[Material provided Boundary: Start]

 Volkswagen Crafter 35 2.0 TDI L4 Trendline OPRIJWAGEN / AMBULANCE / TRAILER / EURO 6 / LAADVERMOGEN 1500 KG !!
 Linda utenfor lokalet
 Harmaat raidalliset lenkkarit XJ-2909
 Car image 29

[Material provided Boundary: End]
[Material provided Boundary: Start]

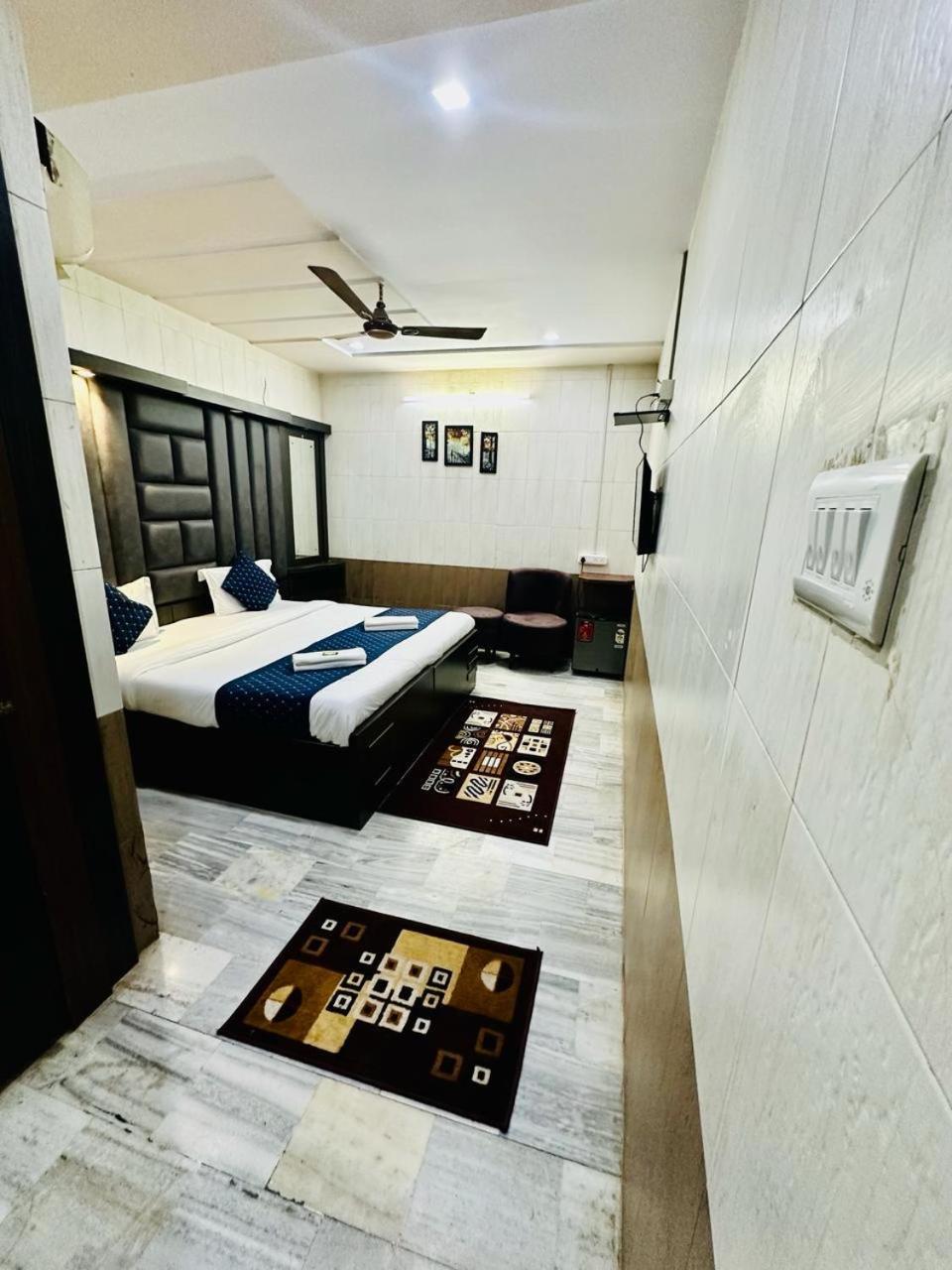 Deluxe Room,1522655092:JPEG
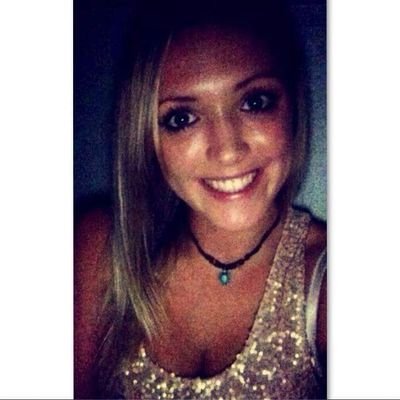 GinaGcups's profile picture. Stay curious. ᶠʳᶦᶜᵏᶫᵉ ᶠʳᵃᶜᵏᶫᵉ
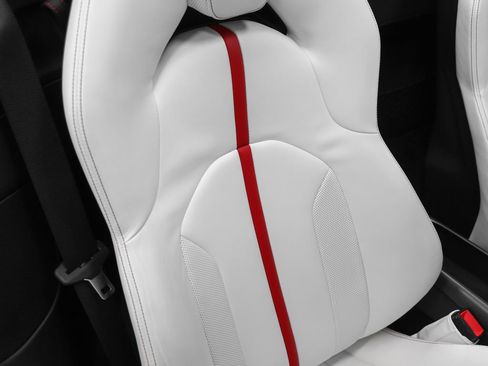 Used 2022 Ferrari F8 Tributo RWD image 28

[Material provided Boundary: End]

The task - Could you repeat, exactly, only the lines above starting at the one that has "GinaGcups's profile picture." and stopping after the one that has "Used 2022 Ferrari F8 Tributo RWD image 28", without the pictures?

Answer to this task -
 GinaGcups's profile picture. Stay curious. ᶠʳᶦᶜᵏᶫᵉ ᶠʳᵃᶜᵏᶫᵉ
 Used 2022 Ferrari F8 Tributo RWD image 28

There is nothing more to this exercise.